The TV Is Listening To Me

I mentioned years ago that Bear in the Big Blue House was my TV Stalker. I know that it was a coincidence, that Bear episodes were filmed months or possibly even years in advance of when Baby Top Ender and I were watching them, but the fact that they were so accurate in describing what I had been doing that day just seemed far too coincidental, it had to be that Bear was stalking me.

I know now that it was just a coincidence, because over the Summer something much bigger happened. Something which I can't put down to coincidence, something which I have to assume means that my TV is listening to me...

The first time I became aware that my TV was listening to me was when Dan Jon Jr and I were watching a cartoon. Look at the  Facebook post from below, it tells the story.

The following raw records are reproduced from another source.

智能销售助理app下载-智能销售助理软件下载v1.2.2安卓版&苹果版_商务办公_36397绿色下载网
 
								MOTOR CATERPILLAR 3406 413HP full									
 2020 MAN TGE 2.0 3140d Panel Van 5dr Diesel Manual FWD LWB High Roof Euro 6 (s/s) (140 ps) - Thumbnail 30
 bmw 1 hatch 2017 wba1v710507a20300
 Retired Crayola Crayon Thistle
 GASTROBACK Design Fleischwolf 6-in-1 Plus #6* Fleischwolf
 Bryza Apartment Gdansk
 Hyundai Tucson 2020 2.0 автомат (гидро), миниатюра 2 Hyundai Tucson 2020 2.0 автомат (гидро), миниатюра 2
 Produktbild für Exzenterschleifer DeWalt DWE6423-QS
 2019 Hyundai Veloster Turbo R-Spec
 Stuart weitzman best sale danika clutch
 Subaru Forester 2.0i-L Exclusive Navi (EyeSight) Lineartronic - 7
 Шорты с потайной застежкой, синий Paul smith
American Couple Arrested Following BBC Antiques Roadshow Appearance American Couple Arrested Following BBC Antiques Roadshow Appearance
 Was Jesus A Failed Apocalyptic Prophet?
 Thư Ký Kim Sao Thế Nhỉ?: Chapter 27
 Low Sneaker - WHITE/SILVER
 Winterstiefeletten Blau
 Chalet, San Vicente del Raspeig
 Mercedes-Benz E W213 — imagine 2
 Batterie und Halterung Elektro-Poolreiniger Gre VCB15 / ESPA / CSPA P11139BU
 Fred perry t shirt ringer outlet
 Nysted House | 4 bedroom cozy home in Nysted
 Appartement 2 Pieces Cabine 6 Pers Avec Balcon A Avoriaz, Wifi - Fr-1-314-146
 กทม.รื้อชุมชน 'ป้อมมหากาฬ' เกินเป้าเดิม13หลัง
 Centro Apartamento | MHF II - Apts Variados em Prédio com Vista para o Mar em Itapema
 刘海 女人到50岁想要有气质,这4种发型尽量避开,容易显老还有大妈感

Dan Jon Jr and I giggled a little over the fact the TV was listening to us, and decided that we'd have any private conversations away from the living room where the TV is.

We were only half joking.

A few days later and Flyfour and I were watching the Olympics. It was the diving and we were of course instant experts as all who watch the Olympics always are. I had got quite good at recognising the various divers by their costumes (it's quite handy that they are all colour corordinated with their countrys flags) and passed comment about one of the divers.

A few seconds later and the commentator on TV mentioned the exact same thing I did.

Flyfour and I giggled at the coincidence.

A few minutes later and Flyfour asked a question about the depth of the pool they were diving into. We started googling it when the commentator on TV gave us the answer (Competition pools are 5m deep).

Again we laughted it off. And then I remembered about the cartoon and the ice cream van and so I told Flyfour and we wondered again if we were in fact being listened to.

Our TV (Please ignore the bikes in the corner!)

So we decided to test it.

The next night we settled down on the sofa, me knitting and we fired random questions at the TV. They were answered.

It was then that we knew we were being listened to and we realised that we had a new undeinable power. 

If either of us had a question about what was going on we simply asked the TV and a few moments later the commentators on TV would tell us the answer to our question. We used it for all kinds of stupid stuff, asking what snacks we should eat, what time we should go to bed, if we should buy or sell shares...

We're no sure why the TV has decided to start listening to us, but it has chosen us and so we promise to use this new power wisely.

Hey TV, fancy telling me the numbers for the lottery?